■ What the task requires ■
Copy the data exactly from the line that contains "中国风龙纹龙年吉祥双龙戏珠蛟龙神兽新年图" through the line that contains "Effecten - Insteekfilters", keeping both end lines and leaving out everything else.

****************************************

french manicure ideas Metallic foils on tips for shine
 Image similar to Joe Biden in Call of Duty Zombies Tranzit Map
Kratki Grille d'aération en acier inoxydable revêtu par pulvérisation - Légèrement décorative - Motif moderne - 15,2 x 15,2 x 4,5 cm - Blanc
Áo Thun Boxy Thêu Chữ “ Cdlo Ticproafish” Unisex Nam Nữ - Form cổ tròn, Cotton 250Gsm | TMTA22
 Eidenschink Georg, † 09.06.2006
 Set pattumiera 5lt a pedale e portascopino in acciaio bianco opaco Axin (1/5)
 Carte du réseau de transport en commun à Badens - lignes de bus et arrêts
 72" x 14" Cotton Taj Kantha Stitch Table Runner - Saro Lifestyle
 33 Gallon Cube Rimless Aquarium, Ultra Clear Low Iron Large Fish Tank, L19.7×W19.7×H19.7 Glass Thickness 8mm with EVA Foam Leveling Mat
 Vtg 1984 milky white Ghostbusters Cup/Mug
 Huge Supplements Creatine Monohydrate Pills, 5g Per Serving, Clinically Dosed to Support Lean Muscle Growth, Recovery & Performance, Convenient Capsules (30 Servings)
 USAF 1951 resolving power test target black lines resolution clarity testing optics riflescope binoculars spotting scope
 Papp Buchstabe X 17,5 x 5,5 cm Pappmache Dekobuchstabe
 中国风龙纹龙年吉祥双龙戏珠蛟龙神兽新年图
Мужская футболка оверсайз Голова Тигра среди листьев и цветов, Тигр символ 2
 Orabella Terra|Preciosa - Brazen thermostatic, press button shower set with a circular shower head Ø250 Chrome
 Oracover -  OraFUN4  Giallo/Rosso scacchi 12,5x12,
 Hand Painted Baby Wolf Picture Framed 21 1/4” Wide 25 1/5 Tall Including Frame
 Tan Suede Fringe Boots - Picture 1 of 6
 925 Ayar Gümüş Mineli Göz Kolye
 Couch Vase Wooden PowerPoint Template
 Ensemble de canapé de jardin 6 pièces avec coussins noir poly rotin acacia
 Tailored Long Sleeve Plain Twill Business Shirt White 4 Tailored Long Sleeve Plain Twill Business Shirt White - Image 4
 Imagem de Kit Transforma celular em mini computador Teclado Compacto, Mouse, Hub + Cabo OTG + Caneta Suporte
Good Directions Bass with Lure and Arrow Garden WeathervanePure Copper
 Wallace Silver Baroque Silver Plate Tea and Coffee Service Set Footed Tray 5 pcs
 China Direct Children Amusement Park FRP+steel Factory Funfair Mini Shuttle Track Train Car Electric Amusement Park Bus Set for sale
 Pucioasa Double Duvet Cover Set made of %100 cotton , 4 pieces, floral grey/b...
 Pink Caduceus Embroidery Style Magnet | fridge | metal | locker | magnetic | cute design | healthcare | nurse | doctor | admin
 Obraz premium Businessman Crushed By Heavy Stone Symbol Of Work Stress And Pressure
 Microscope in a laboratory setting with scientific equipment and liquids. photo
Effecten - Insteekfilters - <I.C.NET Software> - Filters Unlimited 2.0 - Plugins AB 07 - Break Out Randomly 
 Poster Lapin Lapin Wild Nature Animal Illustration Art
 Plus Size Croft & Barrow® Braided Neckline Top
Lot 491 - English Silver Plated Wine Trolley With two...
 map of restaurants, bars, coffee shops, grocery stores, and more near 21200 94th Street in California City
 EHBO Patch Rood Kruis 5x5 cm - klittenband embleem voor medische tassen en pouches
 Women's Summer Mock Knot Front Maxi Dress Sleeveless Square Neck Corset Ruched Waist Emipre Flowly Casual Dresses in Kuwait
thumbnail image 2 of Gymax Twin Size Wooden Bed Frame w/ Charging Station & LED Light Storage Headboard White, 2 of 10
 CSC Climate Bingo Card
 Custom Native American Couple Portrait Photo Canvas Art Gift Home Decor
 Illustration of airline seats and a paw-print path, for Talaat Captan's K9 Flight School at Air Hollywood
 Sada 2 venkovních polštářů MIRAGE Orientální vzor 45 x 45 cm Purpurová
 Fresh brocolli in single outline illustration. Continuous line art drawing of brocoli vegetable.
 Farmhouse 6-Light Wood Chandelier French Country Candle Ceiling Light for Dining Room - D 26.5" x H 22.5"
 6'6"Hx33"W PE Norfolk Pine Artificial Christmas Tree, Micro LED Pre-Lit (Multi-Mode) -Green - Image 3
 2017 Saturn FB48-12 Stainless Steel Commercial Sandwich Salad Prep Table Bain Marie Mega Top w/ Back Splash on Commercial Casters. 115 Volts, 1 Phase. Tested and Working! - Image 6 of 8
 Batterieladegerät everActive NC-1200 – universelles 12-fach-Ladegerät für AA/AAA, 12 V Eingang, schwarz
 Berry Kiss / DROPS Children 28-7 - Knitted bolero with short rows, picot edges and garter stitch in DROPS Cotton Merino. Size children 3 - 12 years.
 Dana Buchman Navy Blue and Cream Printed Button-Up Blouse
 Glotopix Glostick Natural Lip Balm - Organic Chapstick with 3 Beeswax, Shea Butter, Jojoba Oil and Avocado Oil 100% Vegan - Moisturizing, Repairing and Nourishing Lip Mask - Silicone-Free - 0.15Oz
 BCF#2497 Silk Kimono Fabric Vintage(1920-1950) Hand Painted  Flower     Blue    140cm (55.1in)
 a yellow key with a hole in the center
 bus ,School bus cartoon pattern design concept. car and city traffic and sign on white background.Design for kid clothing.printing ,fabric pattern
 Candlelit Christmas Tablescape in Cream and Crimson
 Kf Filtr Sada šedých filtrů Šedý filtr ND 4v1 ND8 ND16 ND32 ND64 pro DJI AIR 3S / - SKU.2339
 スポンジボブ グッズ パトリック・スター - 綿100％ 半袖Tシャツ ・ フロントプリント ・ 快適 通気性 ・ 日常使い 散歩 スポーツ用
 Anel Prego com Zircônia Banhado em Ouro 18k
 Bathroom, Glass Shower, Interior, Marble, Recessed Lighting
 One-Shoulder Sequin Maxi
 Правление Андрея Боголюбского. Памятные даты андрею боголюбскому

****************************************

■ Expected answer ■
 中国风龙纹龙年吉祥双龙戏珠蛟龙神兽新年图
Мужская футболка оверсайз Голова Тигра среди листьев и цветов, Тигр символ 2
 Orabella Terra|Preciosa - Brazen thermostatic, press button shower set with a circular shower head Ø250 Chrome
 Oracover -  OraFUN4  Giallo/Rosso scacchi 12,5x12,
 Hand Painted Baby Wolf Picture Framed 21 1/4” Wide 25 1/5 Tall Including Frame
 Tan Suede Fringe Boots - Picture 1 of 6
 925 Ayar Gümüş Mineli Göz Kolye
 Couch Vase Wooden PowerPoint Template
 Ensemble de canapé de jardin 6 pièces avec coussins noir poly rotin acacia
 Tailored Long Sleeve Plain Twill Business Shirt White 4 Tailored Long Sleeve Plain Twill Business Shirt White - Image 4
 Imagem de Kit Transforma celular em mini computador Teclado Compacto, Mouse, Hub + Cabo OTG + Caneta Suporte
Good Directions Bass with Lure and Arrow Garden WeathervanePure Copper
 Wallace Silver Baroque Silver Plate Tea and Coffee Service Set Footed Tray 5 pcs
 China Direct Children Amusement Park FRP+steel Factory Funfair Mini Shuttle Track Train Car Electric Amusement Park Bus Set for sale
 Pucioasa Double Duvet Cover Set made of %100 cotton , 4 pieces, floral grey/b...
 Pink Caduceus Embroidery Style Magnet | fridge | metal | locker | magnetic | cute design | healthcare | nurse | doctor | admin
 Obraz premium Businessman Crushed By Heavy Stone Symbol Of Work Stress And Pressure
 Microscope in a laboratory setting with scientific equipment and liquids. photo
Effecten - Insteekfilters - <I.C.NET Software> - Filters Unlimited 2.0 - Plugins AB 07 - Break Out Randomly 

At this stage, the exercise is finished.